There is much to report, much to record, and much more to consider.  For now I’m going to upload some thoughts that I wrote during my transition from the last post to today.  During that period bedbugs drove me out of Sugandha’s house and into what Sugandha called a palace.  It was a nice, upper middle-class Nepali house.  I lasted less than a week and ended up here.  Brendan moved over with me a few days ago.  We’re sharing a well-appointed room at the Tharlam gompa and have had many adventures and conversations.

25 July, 2011

I’m having a difficult time adjusting to the new house.  First of all, I miss Brendan.  I don’t like having breakfast and dinner without him, and I liked getting to say goodnight.   Second of all, I have a lot less privacy here.  Every move is scrutinized.  Not so much by the wife, Nirmala, as by the husband, Kalidas, a traditional Nepali man.  When trying to make conversation on the first day, I asked Nirmala what she liked to do.  Did she like to garden?  Yes.  She told me about her garden.  Did she like to cook?  She hesitated, and then Kalidas interrupted, practically shouting, “Cooking is her duty!”  It didn’t matter to him whether or not she liked it.   He asked lots of personal questions, as Nepalis tend to do, and quickly discerned that I was divorced, a status that most Nepalis find disgraceful.  He makes me uncomfortable.

I don’t have the nice view from the room that I had at Sugandha’s house, and I can’t hear the frogs chirping in the fields at night.  I can’t sleep because the bed is super-hard and the machine that recharges the battery intermittently fires off a round of zaps like a machine gun.  This noise goes on from about 9 pm to 2 am.

Kalidas does not approve that I get up at 7 in the morning.  He likes to inform me that he gets up at 5.  He plays badminton with three other Nepali businessmen, who come over afterwards and drink tea on the front porch.  They keep the front door wide open so when I come out to take a shower they are all there gaping.

At meal times, Nirmala serves Kalidas, then me, and hovers at the table to see if we want any more vegetable curry or rice.  I am so sick of dal bhat. Somehow I have got to persuade her not to pile the rice into a mountain on my plate.  If I say “pugyo,” or “I am full,” when she wants to give me more, Kalidas suggests that I do not like the food.  Nirmala sits only after Kalidas has had his second or third helping.  I want to wait for her to finish her food before leaving the table, but Kalidas gets impatient and wants me to bring my dishes to the sink as soon as possible.  He barks at me to get up, so I do.  He is used to ordering women around.  I find this unsettling.  I like Nirmala and am willing to like Kalidas.
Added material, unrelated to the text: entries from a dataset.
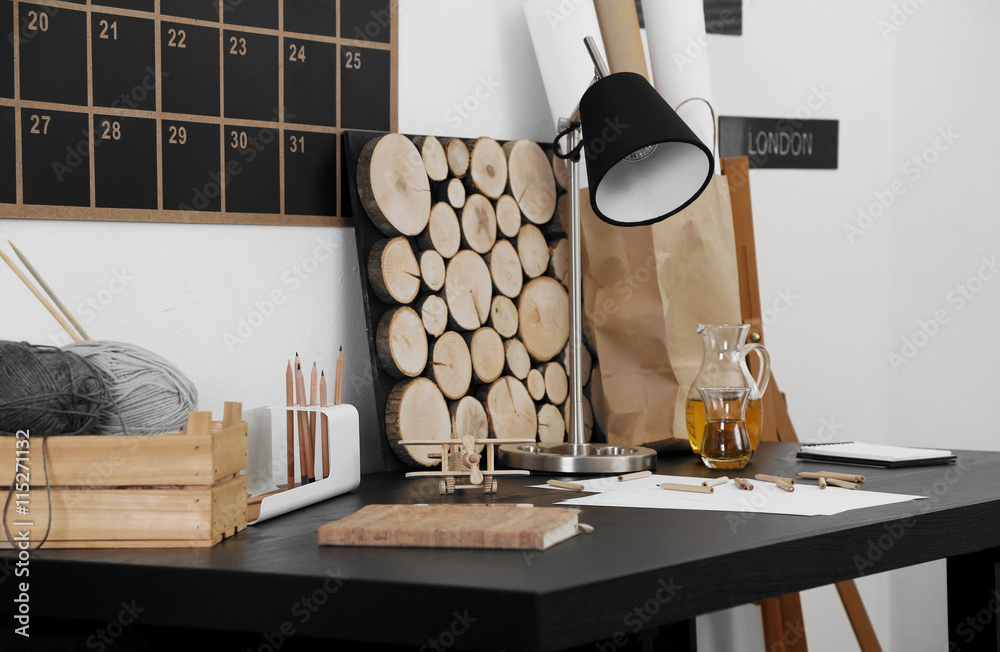 Workplace of creative person indoors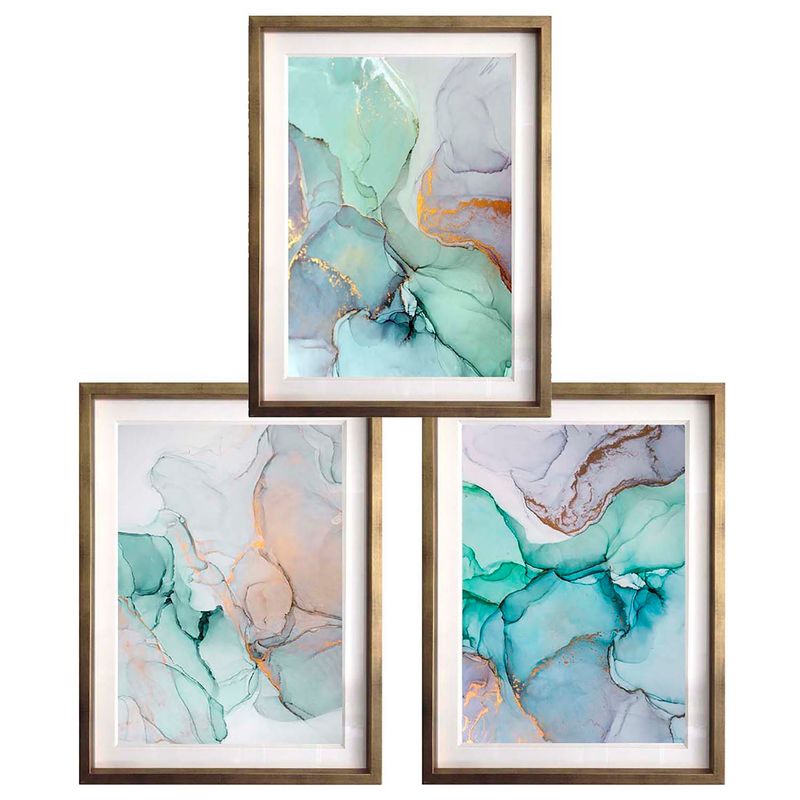 PAPEL ILUSTRADO - Set 3 Abstracto Turquesa 40X50 Marco Dorado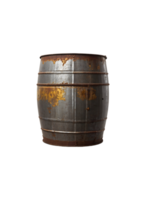 Old metal barrel oil isolated on transparent background, cut out, or clipping path. png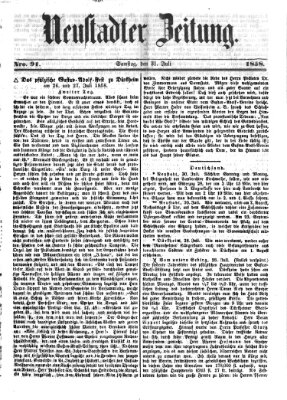 Neustadter Zeitung Samstag 31. Juli 1858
Nepali sexual politics are difficult for me.  There are four ways to address a person in the language: the very, very formal “You” (hajur) used for kings and magistrates; the ordinarily formal “You” (tapaai); the very familiar “timi” used for children and between friends; and the very low “ta” which is used for dogs, lower beings and between intimates.  Kalidas says “ta” to his wife but she says “tapaai” to him.  He addresses her by her first name.  She always and only says “tapaai” to him.  “The husband dominates the wife,” he explains to me as she sits beside him smiling and agreeing.  Nirmala never leaves the house.  Her sister-in-law comes over with her 18 month-old during the day and they watch t.v..  Nirmala keeps a relatively clean house—but the bathrooms are not nearly as clean as mine back home.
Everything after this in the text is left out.